Pour les employeurs
PhD Position F/M Decentralized Data Sharing with Hybrid Graph-Relational Views


Inria
il y a un jour
Date de publication
il y a un jour
S/O
Niveau d'expérience
S/O
Temps pleinType de contrat
Temps plein
Contexte et atouts du poste

This Phd position will be in the context of IPCEI-CIS (Important Project of Common European Interest - Next Generation Cloud Infrastructure and Services) DXP (Data Exchange Platform) project involving Amadeus and three Inria research teams (Loreley, CEDAR and MAGELLAN). This project aims to design and develop an open-source management solution for a federated and distributed data exchange platform (DXP), operating in an open, scalable, and massively distributed environment (cloud-edge continuum).

The PhD will be located at The Inria Center of the University of Lorraine in the Loreley team. It will be supervised by Claudia-Lavinia Ignat, Research Director at Inria in Nancy and Stefania Dumbrava, Assistant Professor at ENSIIE/Inria Paris/Télécom Sud-Paris.

The Inria Center of the University of Lorraine is one of Inria's nine centers and has twenty project teams, located in Nancy, Strasbourg and Saarbrücken. Its activities occupy over 400 people, scientists and research and innovation support staff, including 45 different nationalities. The Inria Center is a major and recognized player in the field of digital sciences. It is at the heart of a rich R&D and innovation ecosystem: highly innovative PMEs, large industrial groups, competitiveness clusters, research and higher education players, laboratories of excellence, technological research institutes, etc.

Mission confiée

Context and Motivation

Modern data management is increasingly shaped by distribution, heterogeneity, and collaboration. Contemporary ecosystems, from scientific knowledge graphs and industrial digital twins to cross-organizational analytics platforms, must manage continuously evolving, jointly produced data shared across autonomous participants. This data often spans clouds, edges, and federated infrastructures and evolves without centralized coordination.
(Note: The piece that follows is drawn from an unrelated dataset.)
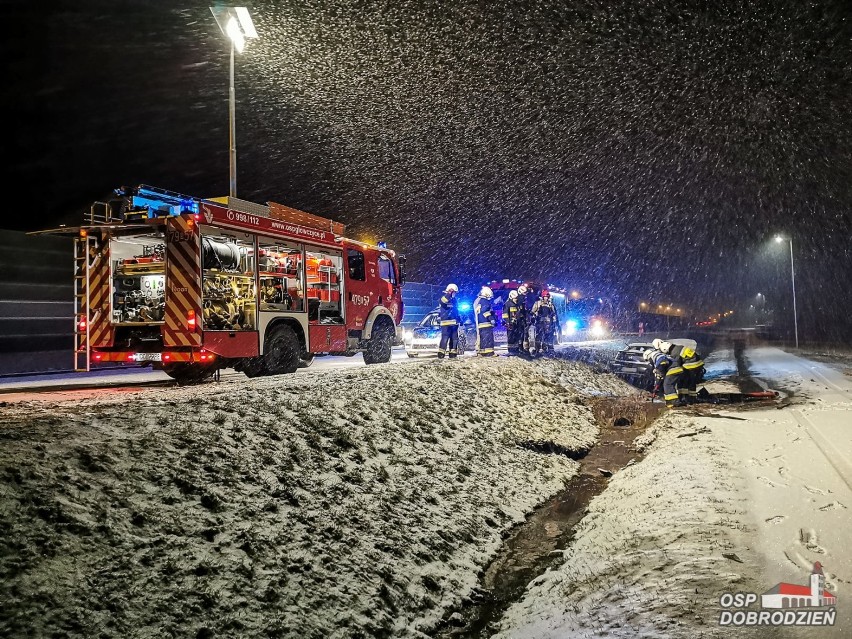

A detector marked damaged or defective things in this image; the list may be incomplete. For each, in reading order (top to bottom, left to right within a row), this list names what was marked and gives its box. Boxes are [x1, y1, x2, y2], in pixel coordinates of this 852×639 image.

crashed vehicle [402, 308, 476, 358]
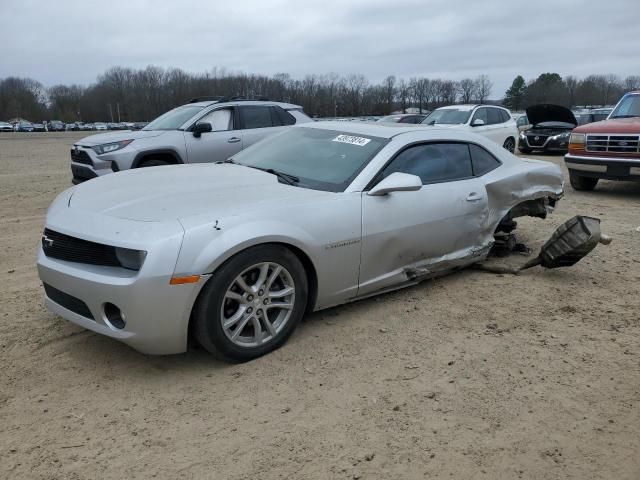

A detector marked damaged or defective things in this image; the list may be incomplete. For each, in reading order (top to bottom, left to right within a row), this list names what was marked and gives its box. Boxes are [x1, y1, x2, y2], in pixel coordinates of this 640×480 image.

detached bumper [564, 155, 640, 181]
damaged side mirror [368, 173, 422, 196]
At the same time, data models are converging. The recent SQL/PGQ standard unifies relational querying with graph pattern matching, enabling property graphs ([Angles18]) to be defined as views over relational data. Systems such as Oracle PGQL , Google Cloud Spanner , and DuckPGQ ([Wolde23]) embody this shift, integrating tabular and graph-structured data within a single query framework.
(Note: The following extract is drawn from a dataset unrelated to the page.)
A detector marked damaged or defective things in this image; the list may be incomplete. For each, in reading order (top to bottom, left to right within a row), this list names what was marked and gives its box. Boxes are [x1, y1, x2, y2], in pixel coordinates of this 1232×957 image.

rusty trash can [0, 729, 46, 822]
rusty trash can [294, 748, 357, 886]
Replication techniques such as CRDTs ([Balegas18], [Preguiça19], [Yu20], [Rault22], [Ignat24]) demonstrate how distributed systems can converge under concurrent updates while preserving constraints. However, they focus on raw state synchronization, whereas in many real-world scenarios, data sharing is guided by views, i.e., query-defined abstractions that determine which parts of the underlying data are exposed. Views can already be incrementally maintained in centralized relational systems, with mature approaches such as DBSP ([Budiu22]) and OpenIVM ([Battiston24]) efficiently propagating changes from base data to derived query results. Recent work has begun to extend incremental view maintenance to decentralized and eventually consistent settings ([Thomassen23]), where replicas evolve independently and must reconcile divergent states. In the context of graph databases, prototype systems have shown how property graph views can be defined, materialized, and incrementally updated over underlying storage layers ([Han24]). However, existing techniques stop short of addressing the more complex challenge of constraint-aware, view-based replication in hybrid graph-relational environments, where data is not only distributed but also governed by specific constraints and access control policies ([Angles21], [Angles23], [Clark22]).
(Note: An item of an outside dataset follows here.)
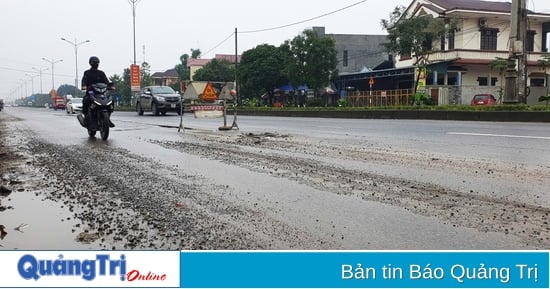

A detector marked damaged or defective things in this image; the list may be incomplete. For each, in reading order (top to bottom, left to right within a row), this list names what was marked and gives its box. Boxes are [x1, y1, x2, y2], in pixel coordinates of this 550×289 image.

damaged road surface [1, 107, 550, 249]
This PhD project addresses this gap by shifting the focus from replicating raw datasets to replicating constraint-aware, incrementally evolving hybrid views representations that combine relational structure with graph connectivity, encode domain semantics, and remain composable and correct across distributed environments. This would enable semantics-preserving, collaborative data platforms for decentralized graph-relational ecosystems .

Objectives of the PhD

The overarching goal of this PhD is to establish the theoretical and system foundations for a replication framework centered on constraint-aware, incrementally evolving hybrid views, elevating views from static query results to first-class, shareable, and composable entities in distributed data systems. The project will pursue three main objectives:
  • Formalizing replicated hybrid views. Define a declarative and semantic foundation for views that unify relational and graph data, support selective exposure and structural transformation, and incorporate explicit constraints. This model will enable reasoning about the correctness of views under replication.
  • Designing incremental and constraint-preserving replication mechanisms. Extend replication semantics beyond raw data by introducing algorithms and protocols that propagate and merge views while preserving convergence, integrity, and domain-specific invariants. This includes defining merge operators, conflict-resolution strategies, and conditions under which replicated views remain consistent and incrementally updatable across sites.
  • Building a decentralized framework for view-based data sharing. Develop a framework in which hybrid views are first-class, shareable abstractions for data exchange among independent nodes. The framework will support their reliable management across distributed infrastructures, enabling collaborative data sharing while upholding correctness guarantees.

Research Questions

The project will address three key research questions:
  • How can hybrid graph-relational views be defined as replicable, constraint-aware abstractions, integrating both topology, and domain-specific requirements?
  • How can such views be incrementally updated and reconciled across distributed replicas while preserving correctness and integrity?
  • How can replication models make such views the unit of synchronization, ensuring convergence under concurrency?

References

[Angles18] Renzo Angles: The Property Graph Database Model . AMW, 2018.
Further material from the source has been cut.